Paper No. 6
Presentation Time: 1:00 PM-5:00 PM
EVALUATION OF RAPID, POST-FIRE, STREAM CHANNEL VARIATION, DURANGO, COLORADO
The Missionary Ridge Fire burned over 70,000 acres during the summer of 2002 creating unstable conditions conducive to catastrophic debris flow events along the intensely burned steep slopes and high gradient stream channels north and east of Durango, Colorado. Prior to full containment of the fire, an automated, real-time rain-gage network was installed in the burn area by the USGS to monitor local precipitation events. The network consisted of 13 stations equipped with automated tipping bucket rain-gages that provided accurate, site-specific precipitation data. Eleven stream drainages from three separate basins in the burn area were selected for detailed stream channel measurement studies; six in the Animas River drainage basin, one in the Florida River drainage basin, and three in the Vallecito drainage basin. Cross-sectional area of the stream channels was measured between August and October, 2002; measurements were taken following significant precipitation events registered by the rain gages. The discharge measurements were directly compared to the estimated total rainfall over the local drainage basin.
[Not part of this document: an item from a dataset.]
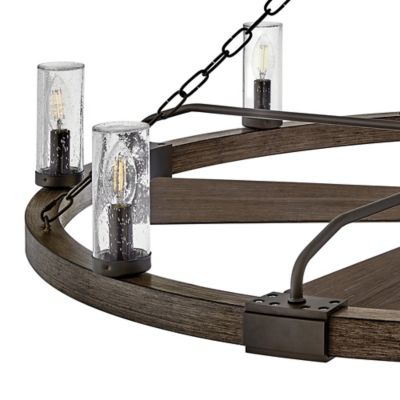 Sawyer Smart Outdoor Fandelier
Stream channel morphology and massive debris flows were observed following storms with rainfall intensities exceeding 0.15 of precipitation per hour. Several stream drainages registered rapid and dramatic morphologic channel change. In Coon Creek, below the measured section, channel fill in excess of 25 vertical feet from a 1.72 storm was observed. Variations in channel morphology, either rapid incision or deposition, depended upon the local geology, intensity and duration of the each storm event, and the longitudinal position within the drainage channel.